The True Cost of Employee Turnover

Turnover: What is it and what is its true cost?

Quite simply, turnover is expressed as a ratio, the number of employees who have left during the year divided by the total number of employees at the beginning of the year.

As for the cost of turnover, estimates run as high as 150 percent of annual salary for mid-level employees (Ross Blake, Employee Retention: What Employee Turnover Really Costs Your Company - 2012, March 1). If we assume the average salary of an employee in a given company is $50,000 per year and the cost of turnover at 150% of salary, then the cost of turnover is $75,000 per employee. For a company of 300 employees with a 10% annual rate of turnover, the annual cost is over $2 million dollars.

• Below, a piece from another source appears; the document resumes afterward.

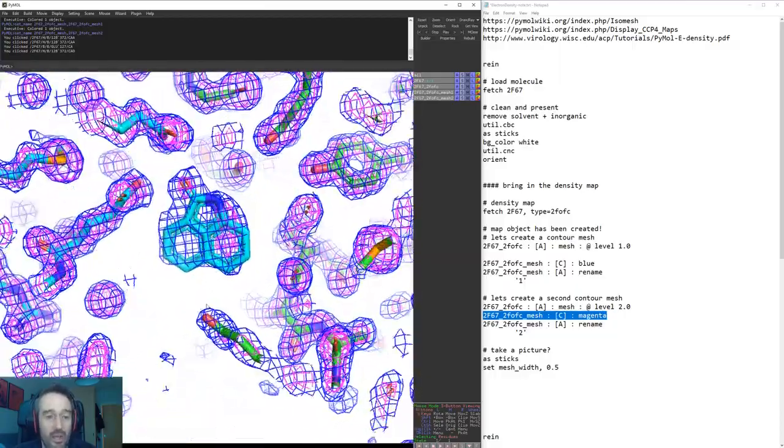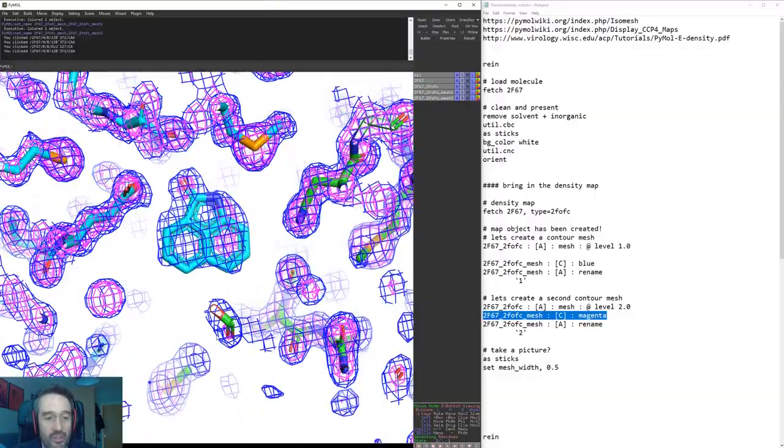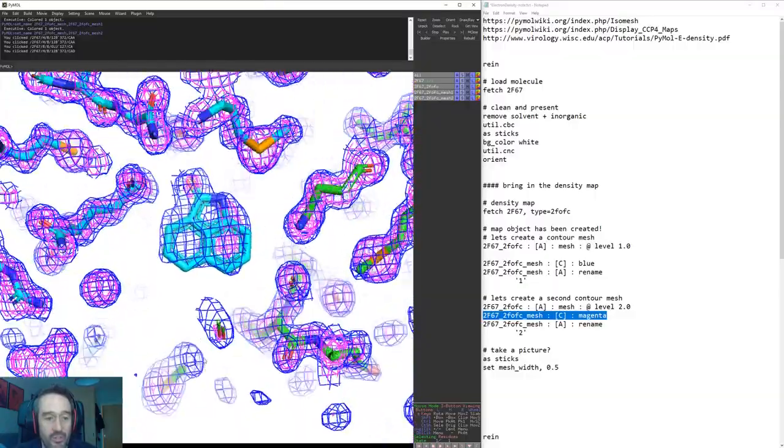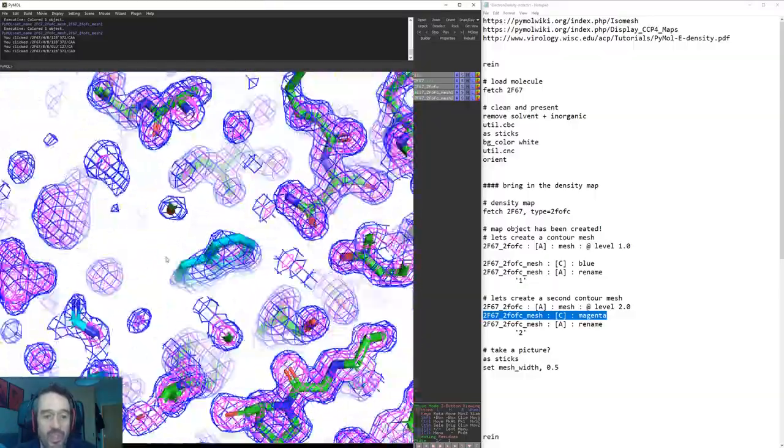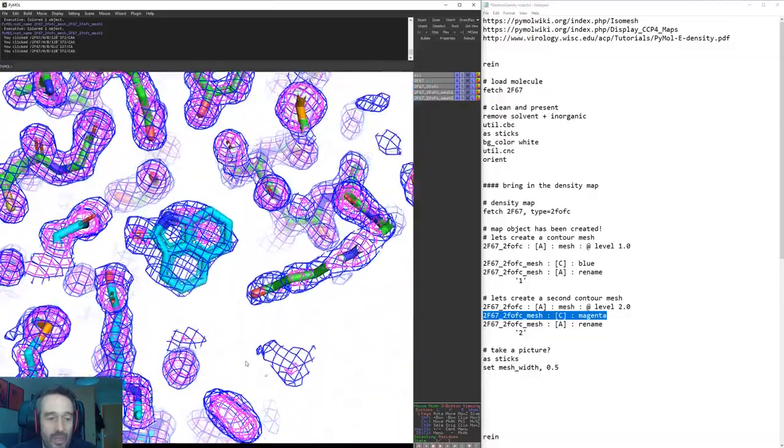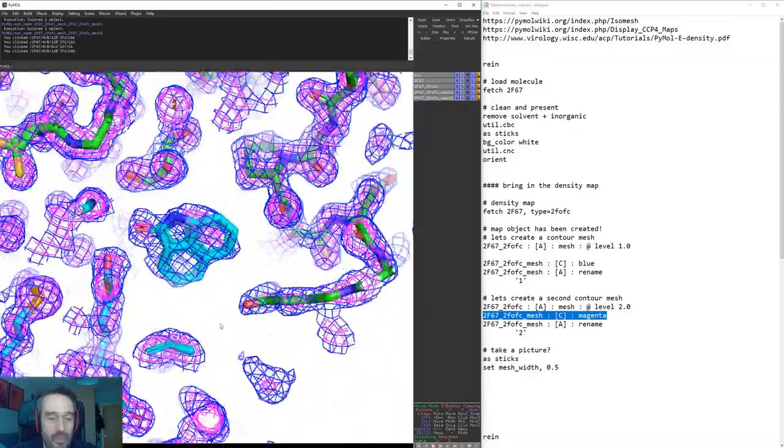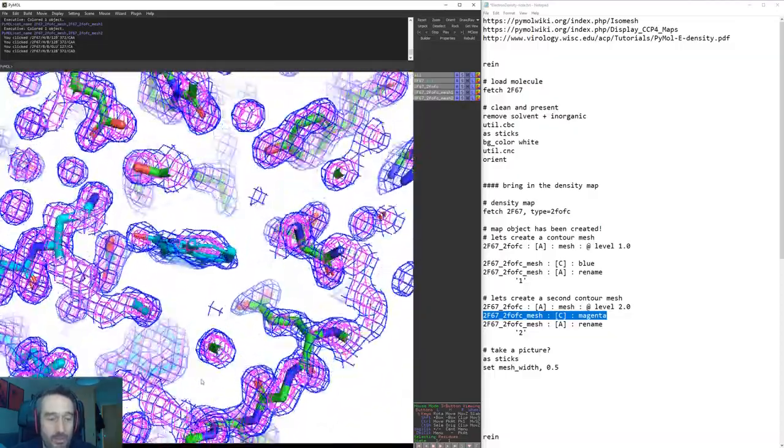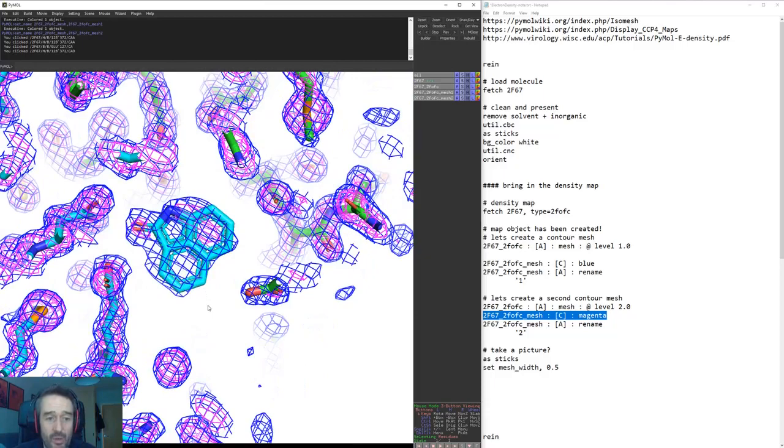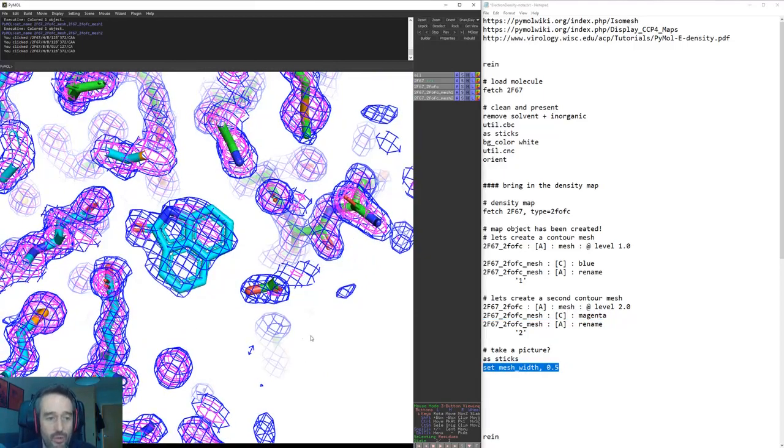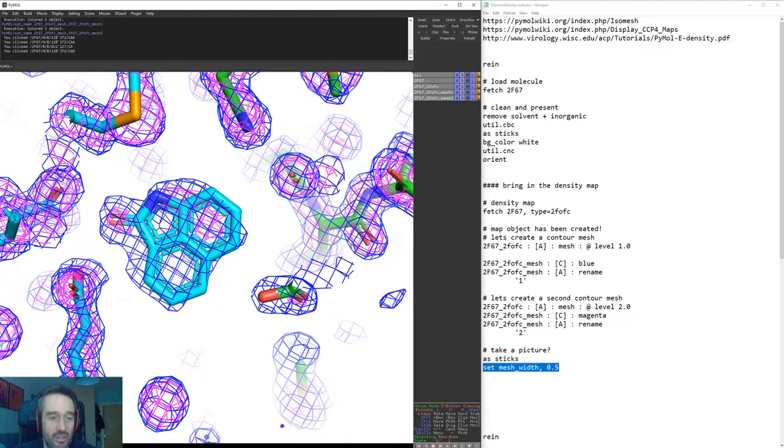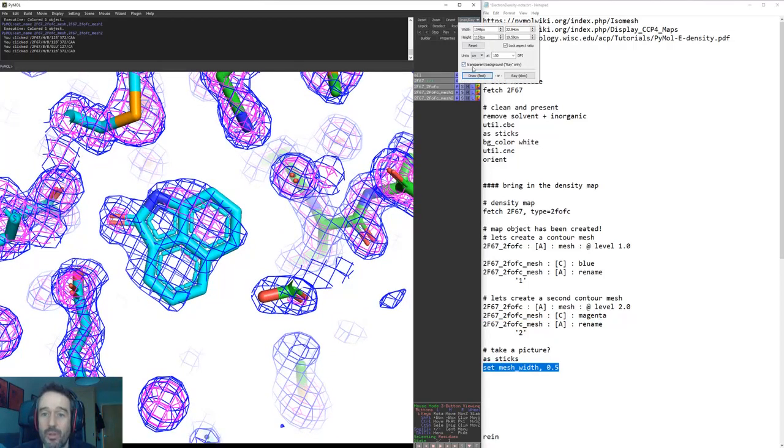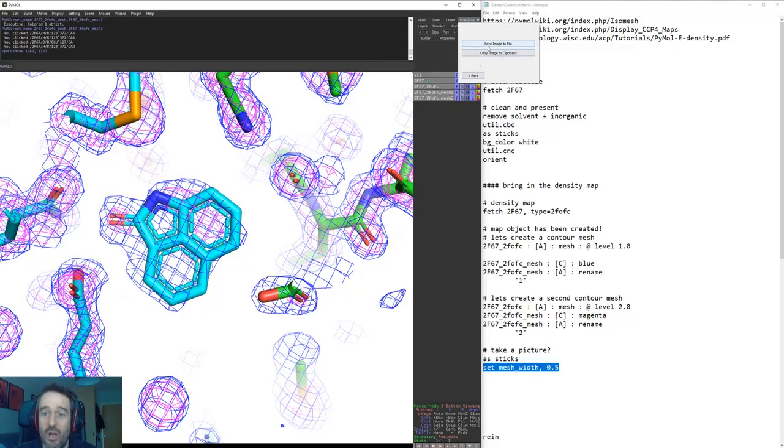However sometimes it is a good idea to look at the lower resolution, or not lower resolution sorry, but the lower sigma values there in order to see less well defined positions of atoms. So we can now take a picture. You can just take a picture using the draw button here.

More conservative estimates place turnover expense at one fifth of an employee’s annual salary (CAP 2012 study). Even if we accept the lowest rate of twenty percent, organizations such as Community Health Centers typically experience higher than average levels of turnover, which is still a significant cost. The higher your turnover, the higher both your direct and indirect costs will be and as the rate increases, the costs follow. The cost of lost time and productivity are no less important or real than the direct costs of paying vendors for supplies and services. 

In addition to the obvious direct costs of hiring and training, there are many hidden, less tangible costs that cannot be quantified. The costs may be hidden, but they are still there. Two of the biggest ones are lost opportunity and morale costs. The cost of business lost because you didn't have the human capital to do the work while you were shorthanded equates to incoming calls not answered, appointments not scheduled and lost patient revenue. Reduced morale from other employees continuously having to cover the workload of departed employees can quickly lead to burnout and more turnover, another vicious cycle. This can also create desperation on the part of the employer, leading to the "warm body syndrome" hiring process that many Community Health Centers experience.

The only way out is a systematic culture shift with employee satisfaction being a top priority. Meaningful jobs provide opportunities to make choices, develop skills, do work that matters and build interpersonal connections. This also includes paying employees appropriately. The unintended consequence of pay inequality is resentment, which undermines performance, collaboration and retention.  

Bottom line: It is far most cost effective to keep your current employees engaged and motivated than it is to find, hire, and train new ones. Happy employees create happy patients, which can save you a million dollars for the investment in your organization. This alone should motivate you to treat your staff well.